Fun fact: The term “aggregation” comes from the Latin “aggregare” meaning “to add to a flock.” In data science, we’re literally gathering scattered data points into meaningful groups - turning a flock of individual observations into organized insights.

Data aggregation is the process of summarizing and grouping data to extract meaningful insights. This lecture covers the essential tools for data aggregation: groupby operations, pivot tables, and remote computing for handling large datasets.

Reality check: GroupBy operations are the bread and butter of data analysis. Master this concept and you’ll be able to answer almost any “what if we group by…” question that comes your way.

The split-apply-combine paradigm is the foundation of data aggregation. You split data into groups, apply a function to each group, and combine the results.

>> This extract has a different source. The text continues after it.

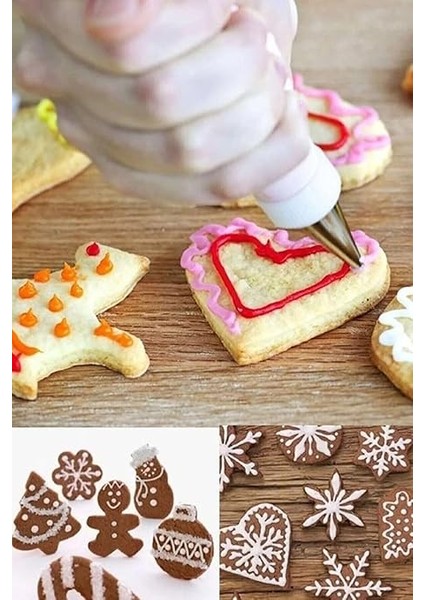 10 Parça Krema Sıkma Torbası Seti, 9 Paslanmaz Çelik Uçlu, Pasta ve Kek Süsleme Kit modelleri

Visual Guide - GroupBy Operations:

BEFORE GROUPBY AFTER GROUPBY
┌─────────┬─────────┬─────────┐ ┌─────────┬─────────┐
│ Category│ Value │ Other │ │ Category│ Mean │
├─────────┼─────────┼─────────┤ ├─────────┼─────────┤
│ A │ 10 │ X │ │ A │ 10.0 │
│ A │ 15 │ Y │ │ B │ 25.0 │
│ B │ 20 │ Z │ └─────────┴─────────┘
│ B │ 25 │ W │
│ A │ 5 │ V │
│ B │ 30 │ U │
└─────────┴─────────┴─────────┘

Visual Guide - Split-Apply-Combine:

ORIGINAL DATA SPLIT BY CATEGORY
┌─────────┬─────────┬─────────┐ ┌─────────┬─────────┐
│ Category│ Value │ Other │ │ Group A │ Group B │
├─────────┼─────────┼─────────┤ ├─────────┼─────────┤
│ A │ 10 │ X │ │ A, 10 │ B, 20 │
│ A │ 15 │ Y │ │ A, 15 │ B, 25 │
│ B │ 20 │ Z │ │ A, 5 │ B, 30 │
│ B │ 25 │ W │ └─────────┴─────────┘
│ A │ 5 │ V │
│ B │ 30 │ U │
└─────────┴─────────┴─────────┘
APPLY FUNCTION (e.g., mean) COMBINE RESULTS
┌─────────┬─────────┐ ┌─────────┬─────────┐
│ Group A │ Group B │ │ Category│ Mean │
├─────────┼─────────┤ ├─────────┼─────────┤
│ mean(10,│ mean(20,│ │ A │ 10.0 │
│ 15, 5) │ 25, 30)│ │ B │ 25.0 │
│ = 10.0 │ = 25.0 │ └─────────┴─────────┘
└─────────┴─────────┘

Reference:

  • df.groupby('column') - Group by single column
  • df.groupby(['col1', 'col2']) - Group by multiple columns
  • grouped.mean() - Calculate mean for each group
  • grouped.sum() - Calculate sum for each group
  • grouped.count() - Count non-null values
  • grouped.size() - Count all values (including nulls)
  • grouped.agg(['mean', 'sum', 'count']) - Multiple aggregations

Example:

import pandas as pd
import numpy as np
# Create sample data
df = pd.DataFrame({
'Department': ['Sales', 'Sales', 'Engineering', 'Engineering'],
'Employee': ['Alice', 'Bob', 'Charlie', 'Diana'],
'Salary': [50000, 55000, 80000, 85000],
'Experience': [2, 3, 5, 7]
})
# Basic groupby operations
print("Group by Department:")
print(df.groupby('Department')['Salary'].mean())
print("\nMultiple aggregations:")
print(df.groupby('Department').agg({
'Salary': ['mean', 'sum'],
'Experience': 'mean'
}))

Transform operations apply a function to each group and return a result with the same shape as the original data.

Reference:

  • grouped.transform('mean') - Apply mean to each group
  • grouped.transform('std') - Apply standard deviation to each group
  • grouped.transform(lambda x: x - x.mean()) - Custom transform function
  • grouped.transform(['mean', 'std']) - Multiple transforms

Example:

# Transform: Add group means as new column
df['Salary_Mean'] = df.groupby('Department')['Salary'].transform('mean')
df['Salary_Std'] = df.groupby('Department')['Salary'].transform('std')
df['Salary_Normalized'] = df.groupby('Department')['Salary'].transform(lambda x: (x - x.mean()) / x.std())
print("Data with group statistics:")
print(df[['Department', 'Employee', 'Salary', 'Salary_Mean', 'Salary_Std', 'Salary_Normalized']])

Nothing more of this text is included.